I’d say the single biggest force in stopping me turning freelance sooner wasn’t the fear of not being able to pay the bills or the worry I wasn’t good enough. It was embarrassment, embarrassment at admitting to myself or to anyone else that I wanted to write full time and deviate from a career path I had been working at for nearly ten years. I had visions of people simply laughing at my decision or worse at the work I was producing. My fear of the opinions and criticisms of the people I knew or even the wider world meant that at first I kept my burgeoning freelance career as a closely guarded secret, telling only my partner for months and months.
I realised that my embarrassment reflex had always been pretty high since childhood extending to being incapable of watching people being embarrassed on TV (I still can’t watch X factor!) But letting embarrassment or perhaps more rightly fear guide my life decision seems like a pretty poor way to get along so I made a conscious decision to factor it out of my choices. This was tough, remains tough and I still find myself supressing this fearful part of my psyche but eventually my need to be happier and have a more fulfilling (if sometimes less well paid) career won out.
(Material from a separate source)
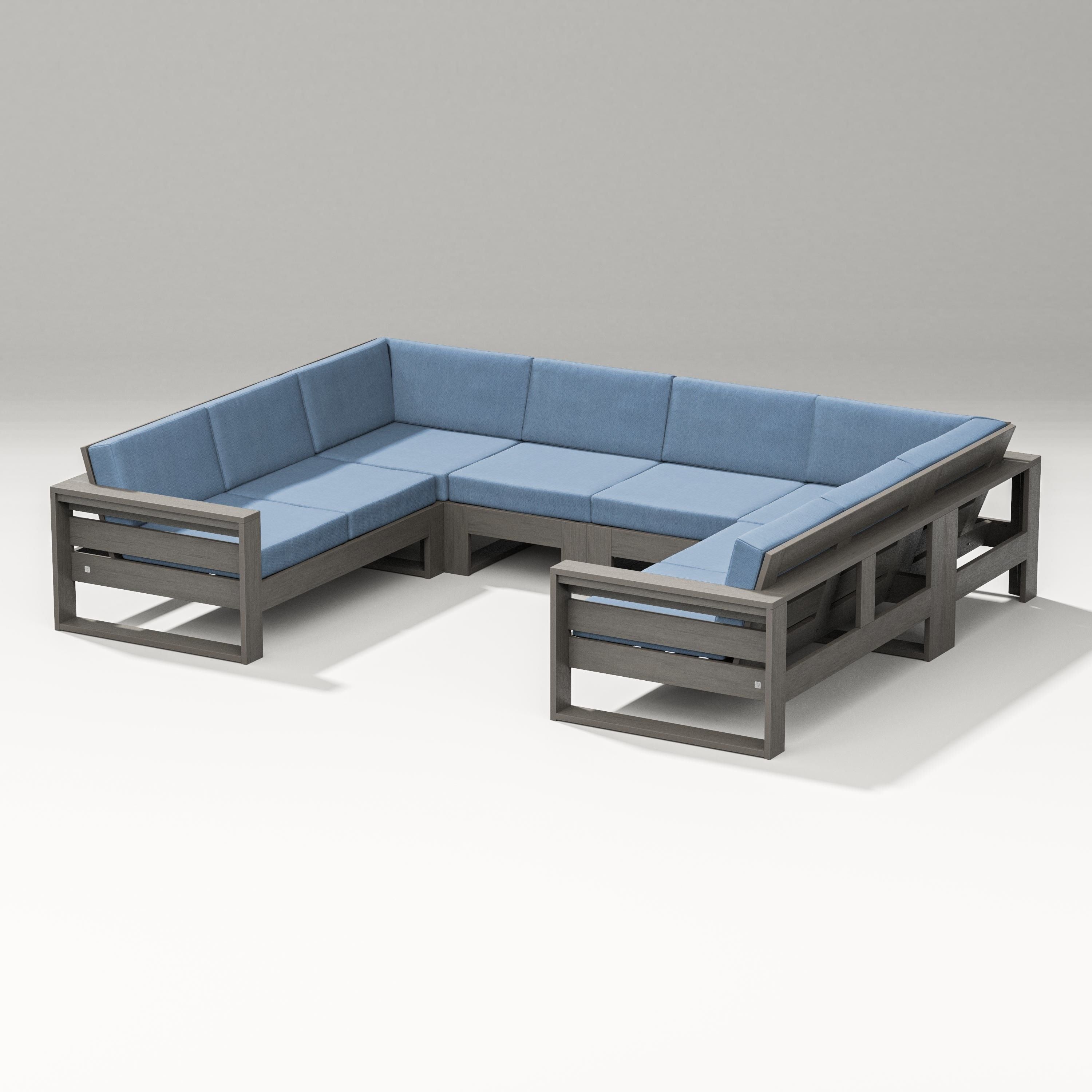 PW Designer Series Latitude U-Shaped Sectional in Driftwood / Sky Blue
So I left a well-paid but stressful career and embarked on the scary but much more fulfilling path of freelance writing. I still get worried, I still even get a little embarrassed of telling people what I do for a living (like it’s a pretend job!) but I am doing it, so I guess I partially conquered the fear for the moment. It got me thinking about how many other people have remained or do remain in a situation that makes them unhappy because there embarrassed of what people may think of them if they make a change.
I guess the question to ask yourself then is ‘Why am I not doing what I want?’ and if the answer is rooted in fear then you should reassess. Trust me, stop being embarrassed and you will finally start getting the important stuff done.